- 2021 Boni attack: Part of Mali War
| Date | 3 February 2021 |
| Location | Boni military base, Boni, Mali |
| Result | Franco-Malian victory |

Belligerents
- Mali France: Jama'at Nasr al-Islam wal Muslimin

Casualties and losses
- 10 dead, 8 injured None: ~20 dead

= 2021 Boni attack =

2021 battle of the Mali War

On February 3, 2021, Al-Qaeda-linked jihadists from Jama'at Nasr al-Islam wal Muslimin attacked a Malian base in the remote town of Boni. French troops from Operation Barkhane came to the Malians' aid, and successfully repulsed the attack.
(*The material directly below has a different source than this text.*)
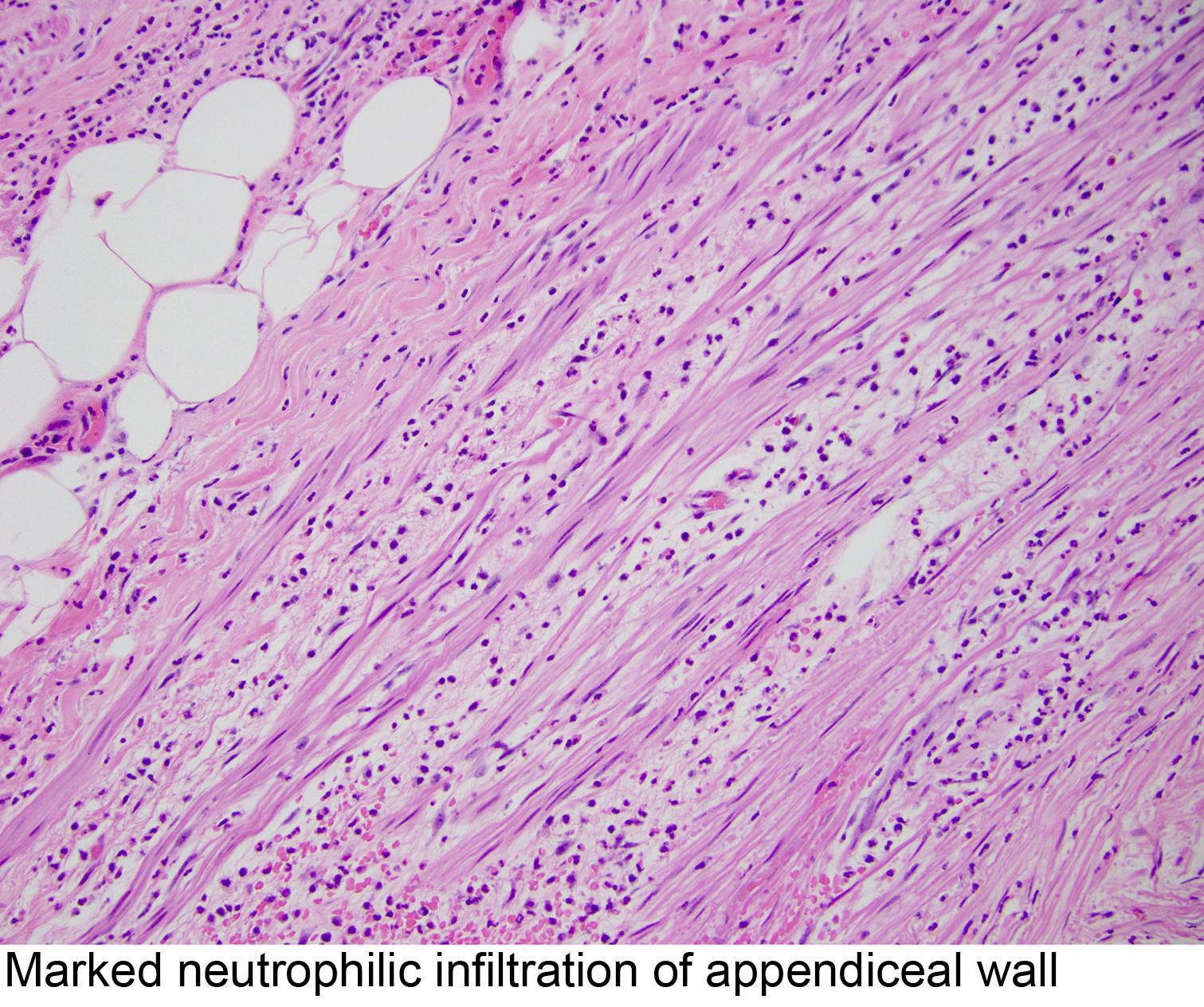 Pathology Of Acute Appendicitis Its Etiology Morphology Gross ...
The attack came in direct response to the recent Franco-Malian counteroffensive of Operation Eclipse.

== Attack ==
Around 6 am local time on February 3, the jihadists from JNIM attacked the military base at Boni aboard a Casspir armored vehicle. Initially, the Malian soldiers abandoned the camp, taking up positions outside to prevent JNIM from fully taking over the camp, and meanwhile calling for reinforcements from Barkhane. On social media, JNIM released statements claiming to have captured the camp.
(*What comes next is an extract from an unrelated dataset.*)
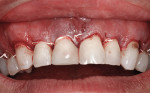 Figure 4 Retracted frontal view immediately after crown lengthening.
When French reinforcements arrived, a French airstrike destroyed the Casspir vehicle, causing many of the jihadists to flee. After the retreat, Malian forces were able to recapture the Boni military base.

== Casualties and aftermath ==
Local officials stated that the bodies of ten Malian soldiers were flown to the MINUSMA base in Sévaré, along with eight wounded soldiers. French Colonel Frédéric Barbry announced that twenty jihadists were killed, a statement echoed by Malian officials.

In March 2021, a soldier was killed in Boni by an IED. Minutes afterward, another Malian soldier shot and killed several civilians in the area in retribution.